Musisz się starać szkolić jak najlepsze jednostki, bo te gorsze są bardzo drogie w utrzymaniu i słabe. Bot jest upośledzony więc nie wykrwawiaj się tylko graj odważnie i atakuj wrogie miasta unikając jego armii jeśli to możliwe.
Nezahualcoyotl
09-01-2022, 14:19
To spytam już ciebie personalnie. Czy w osadach na granicy zostawiasz tylko darmowy garnizon?
Przede wszystkim trzymam sporą liczbę szpiegów w ościennych prowincjach co w połączeniu z wieżami obserwacyjnymi daje mi spory wgląd w poczynania przeciwników.Dzięki temu wiem gdzie trzymać spory lub znikomy garnizon w swoich osadach.

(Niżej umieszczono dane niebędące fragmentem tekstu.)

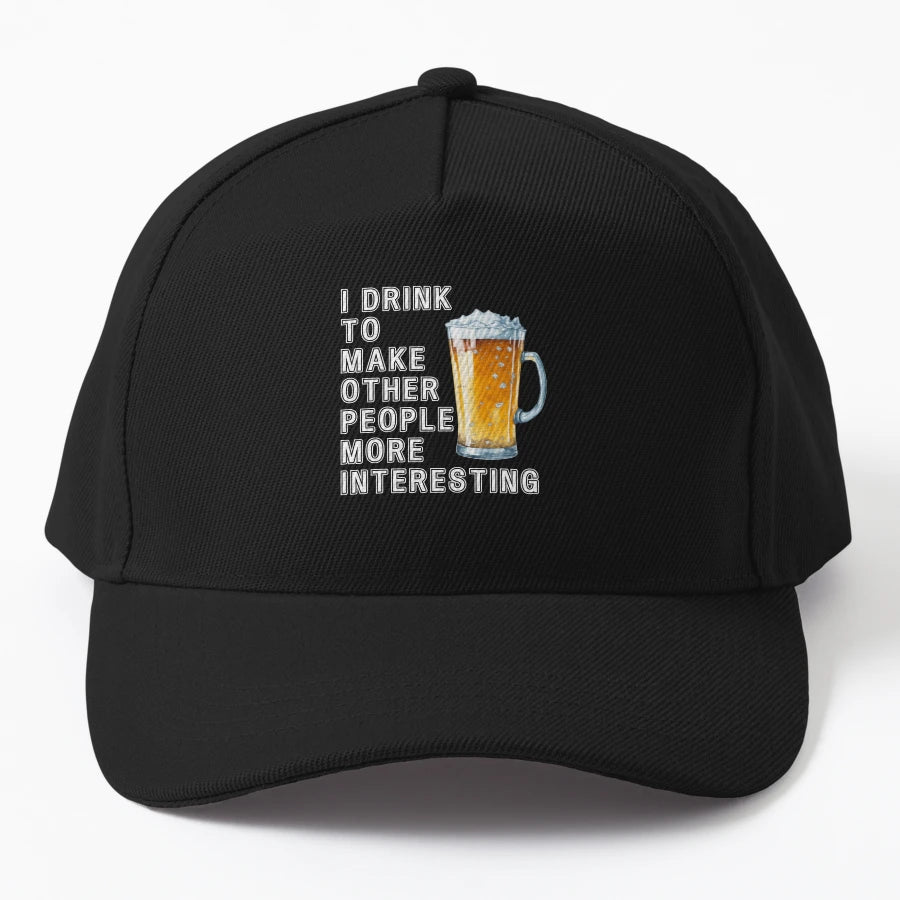 I Drink To Make Other People More Interesting Trucker Hat - Snapback, Trucker Hat, Dad Hat, Denim Baseball Cap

To jeszcze jedna sprawa, a w zasadzie to 2. Czy maszyny oblężnicze (tarany, wieże oblężnicze) można podpalać płonącymi strzałami łuczników, lub niszczyć po prostu zwykłymi strzałami, czy tylko tymi strzałami z wież na murach? I jeśli chodzi o rebelianckie armie na moim terytorium, to zauważyłem, że jeśli tam przebywają, to do rozchodów wliczają się "zniszczenia". Postanowiłem więc je zniszczyć, jednak te zniszczenia dalej zostają w rozchodach, dlaczego tak się dzieje?
Nezahualcoyotl
12-01-2022, 20:31
To jeszcze jedna sprawa, a w zasadzie to 2. Czy maszyny oblężnicze (tarany, wieże oblężnicze) można podpalać płonącymi strzałami łuczników, lub niszczyć po prostu zwykłymi strzałami, czy tylko tymi strzałami z wież na murach?
Sprzęt oblężniczy można podpalić również własnymi łucznikami ale to wymaga trochę czasu i nie zawsze kończy się sukcesem.
Czasem lepiej jest nie czekać aż przeciwnik przypuści szturm lecz wyjść z osady piechotą,jazdą oraz artylerią,zostawić łuczników na murach dla osłony i przyjąć bitwę pod murami własnej osady.
I jeśli chodzi o rebelianckie armie na moim terytorium, to zauważyłem, że jeśli tam przebywają, to do rozchodów wliczają się "zniszczenia". Postanowiłem więc je zniszczyć, jednak te zniszczenia dalej zostają w rozchodach, dlaczego tak się dzieje?
Gdyż obszar który zajmowali rebelianci potrzebuje kilku tur na regenerację (taka spalona ziemia na mapie kampanii).
Właśnie mam taką sytuację, że 4 odziały łuczników wystrzelały całą amunicję w wieżę oblężniczą i nic, to jakiś bug, czy tak powinno być?
Nezahualcoyotl
13-01-2022, 06:52
Właśnie mam taką sytuację, że 4 odziały łuczników wystrzelały całą amunicję w wieżę oblężniczą i nic, to jakiś bug, czy tak powinno być?
Jak wspomniałem wcześniej nie zawsze się udaje podpalić wieże lub tarany.